Thursday 25 December 2014

Moment of Truce

Several Christmas messages and articles this year have chosen to focus on the unofficial truce between British and German troops, where soldiers put down their weapons and played football instead,  sharing food, cigarettes and general festive cheer.
Despite being commonly over romanticised it's a heart warming story of people on the ground seeing a folly that those in positions of power do not.
It's fashionable now to criticise the generals for their incompetence and arrogance, but they were only truly dangerous because people were prepared to heed them.
When I reflect on this though, it becomes sad more than it is heart warming. It is an inherently sad proposition that we celebrate some of the world's most advanced countries temporarily suspending the mass slaughter of each other's youth during the season of goodwill in their shared religion. And it is sad that even with nobody to shoot at these young men were kept hundreds of miles from their homes and loved ones.
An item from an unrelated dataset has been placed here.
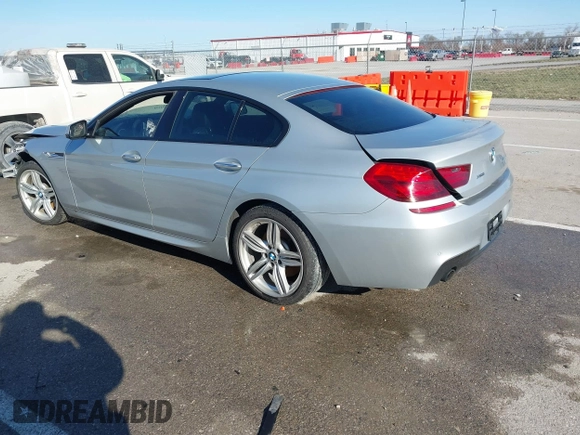 2015 BMW 6 Series 640i xDrive with VIN WBA6B8C52FD453433, listed as a IAAI auction lot 41805317 with 138,685 mi miles and . Bid and sale history available at carsss.com. Image 3.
Saddest of all however that after they had defied the authorities to meet and fraternise with each other, they returned to their respective sides, picked up their arms and resumed what was to become one of the most brutal and destructive conflicts in history which achieved nothing positive for any of the original protagonists.
They could so easily have returned to their homes and averted so much of this damage - the ruination of Germany that would eventually lead to the second world war, the hasty overthrow of the Russian monarchy which led directly to the horrors of the Soviet Union and the decline of France and Britain to the point that neither will able to effectively thwart the rise of fascism or contain Germany, even bound by sanctions and struggling economically as it was.
It's of course impossible to measure the impact any of these things or say with certainty that modern Europe would be a better place had World War 1 not happened, but it seems highly likely that it would be a much better place,  and that just a small step further through an already open door would have spared us this gruesome episode.